After junior year: again, got cast in NYU Reality Show, plus hired as musical director, and paid for both positions and to spend summer with cast writing/composing the show and performing it at the end of the summer. If I recall correctly, I believe that summer she also was cast and had a job as musical director for the Reality Show for the NYU Abu Dhabi campus and traveled there to perform the show too. As well, she was cast that summer in a workshop of a new musical through the NYU Graduate Program in Musical Theater program and performed in that too. Again, was given housing (in fact, moved out of her off campus apartment to the dorm housing which was free for her for the summer and sublet her share in her apartment to her sister who had a paid internship in her field that summer in NYC!).

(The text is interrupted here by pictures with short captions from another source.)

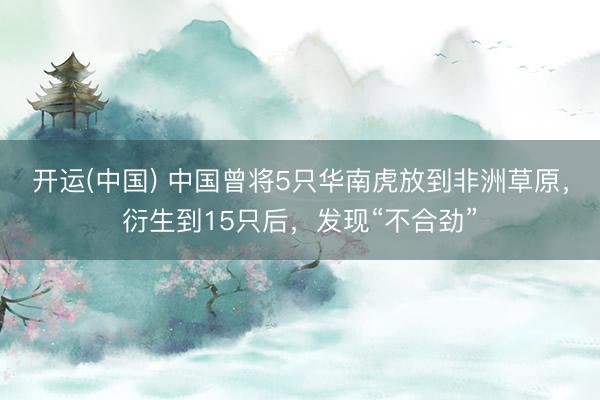 开运(中国) 中国曾将5只华南虎放到非洲草原，衍生到15只后，发现“不合劲”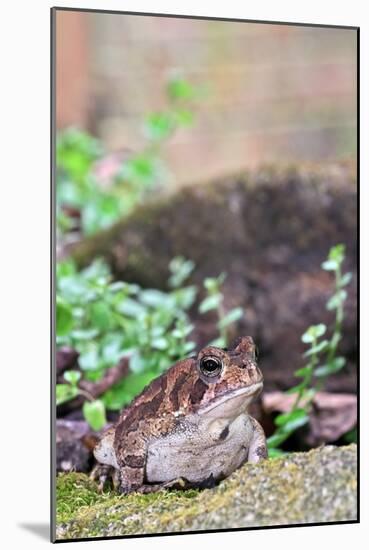 Brown Toad-Gary Carter-Mounted Photographic Print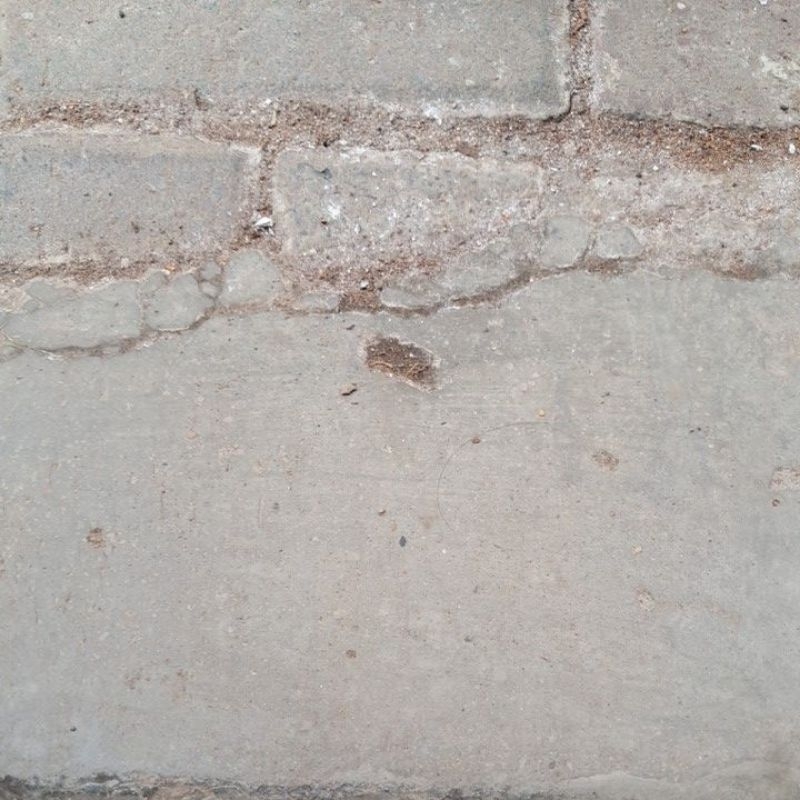 bahan bonsai kimeng prokar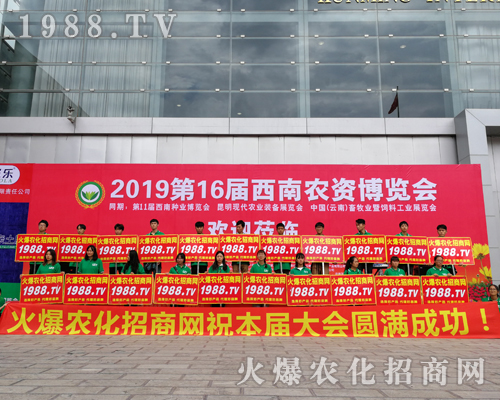     2019�����r(n��ng)�Y���[�������r(n��ng)���W(w��ng)�������o̎����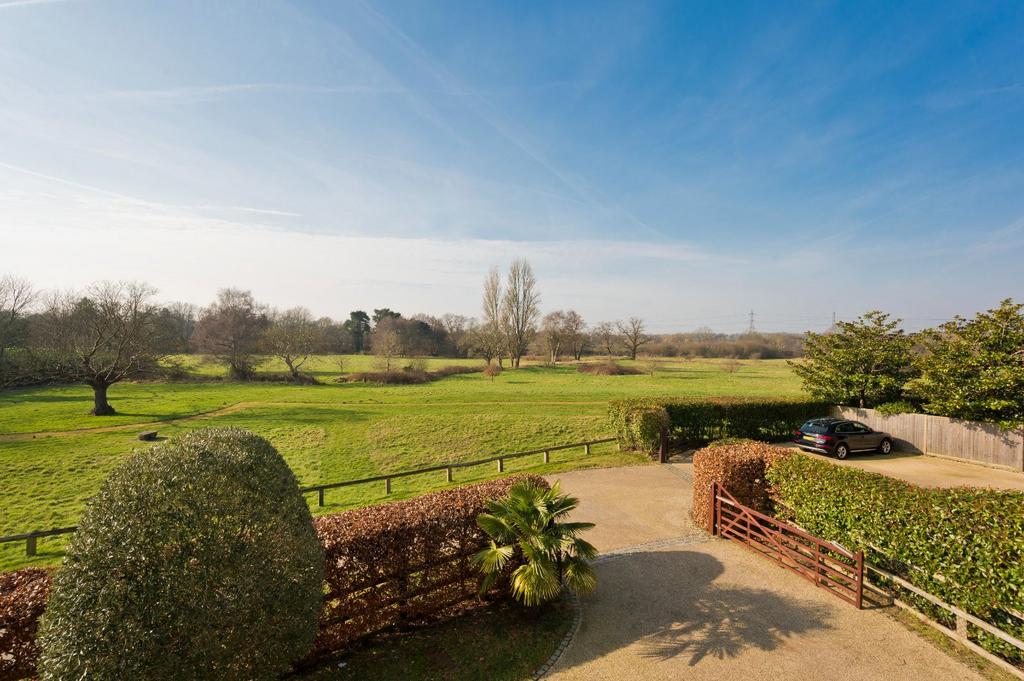 Meadow View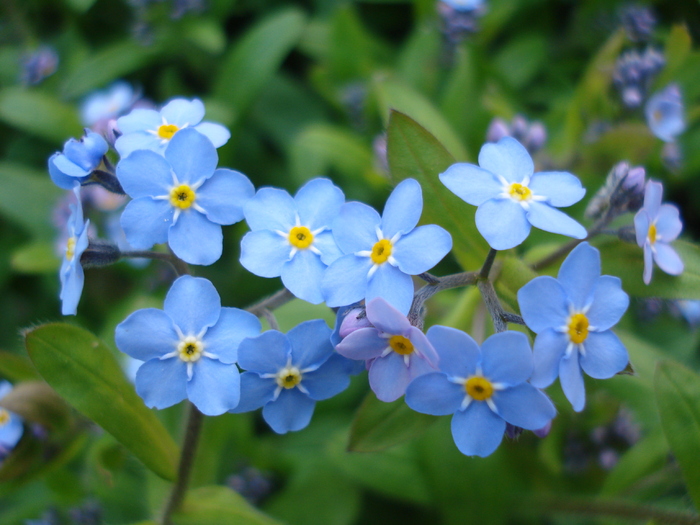 Myosotis alpestris (2010, April 18) - MYOSOTIS Alpestris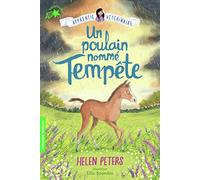 Un poulain nommé Tempête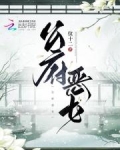 公府小说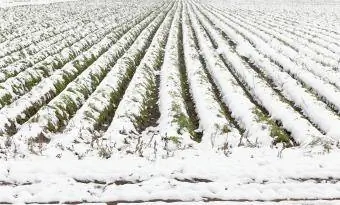 snötäckta fåror av morötter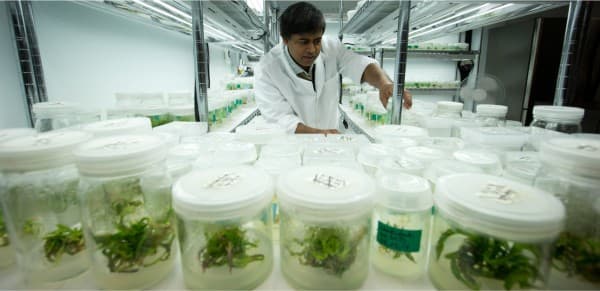 CNW90: Panel to choose medical marijuana nurseries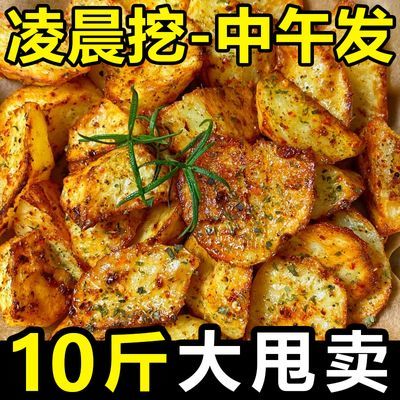 【今年新货】黄皮土豆批发10斤正宗新鲜洋芋1/5斤马铃薯应季蔬菜
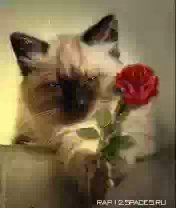 ad6597d2e0ed7f786fc3a8777cdbfc28 176x208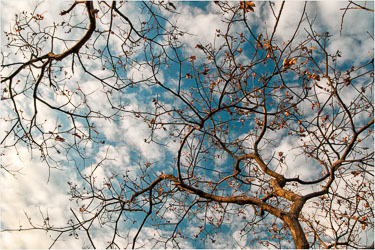 Golden-Branches-Against-Blue-Sky.jpg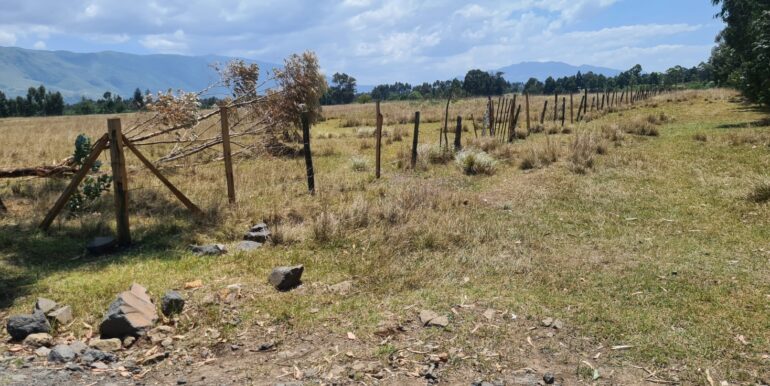Nyandarwa Land for Lease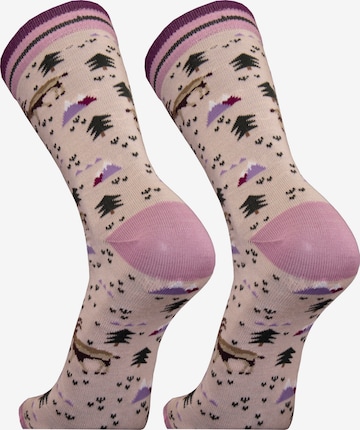 UphillSport Socks 'IBEX' in Purple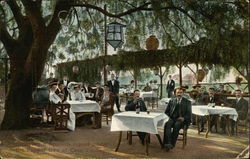 Casa Verdugo Restaurant - Diners under the Pepper Tree Glendale, CA Postcard Postcard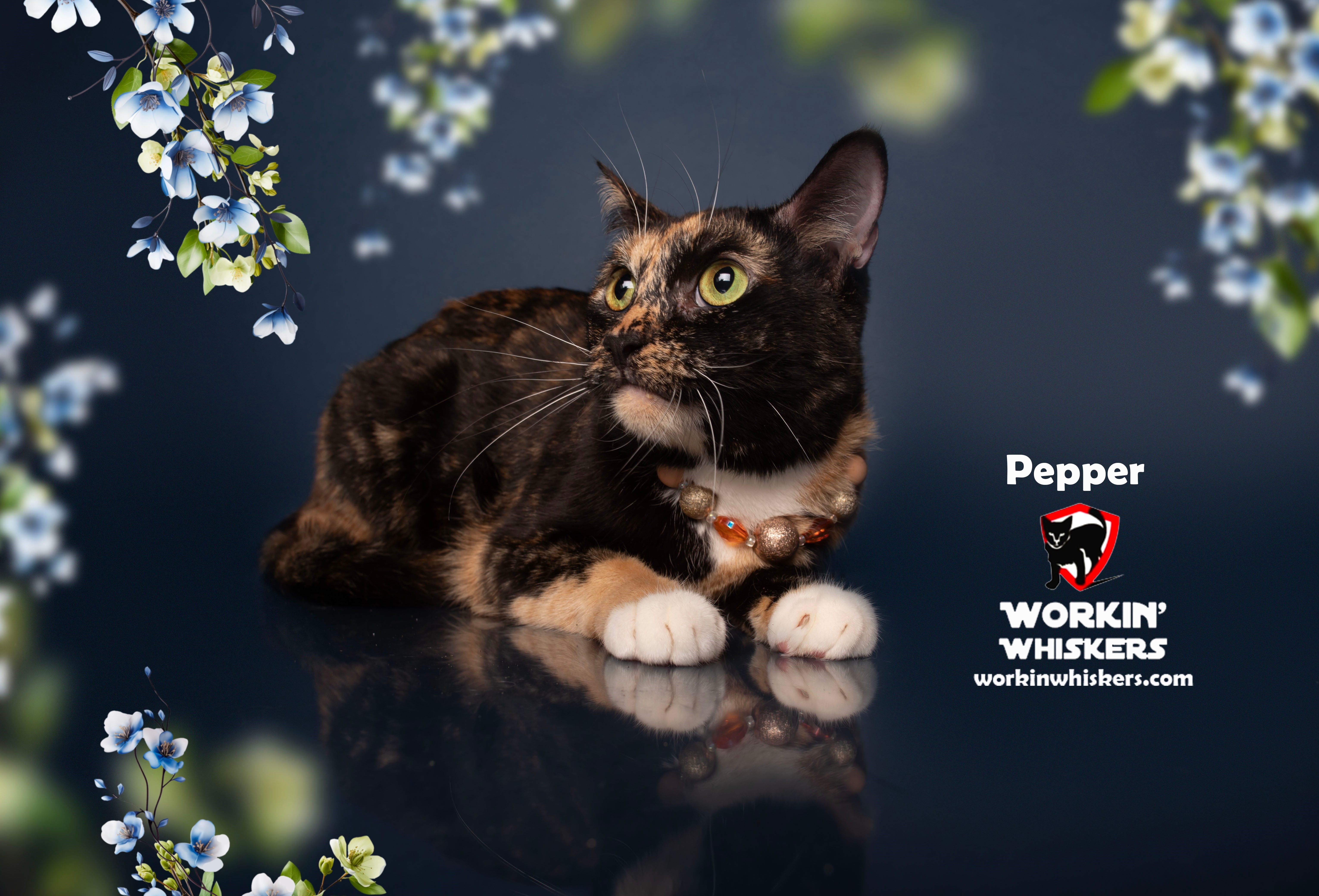 Pepper thumbnail 2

After senior year, didn’t want to perform any longer in NYU Reality Show since she had graduated and got to do so for two years, but kept the job as musical director for the NYC show and the Abu Dhabi show, all of which she arranged before she knew she would be cast on a tour upon graduating but that tour didn’t start until October, and so she kept the paid NYC job. I believe she also did some other gigs, like concerts and other stuff I don’t remember now too. Also, the director for NYU Reality Show was a Broadway director and playwright who my D learned a great deal from. Also, my D’s husband to be was in this every summer too as an actor and as assistant director!
Believe me, it was very competitive even when my D graduated. And she was just 20 and had a young look.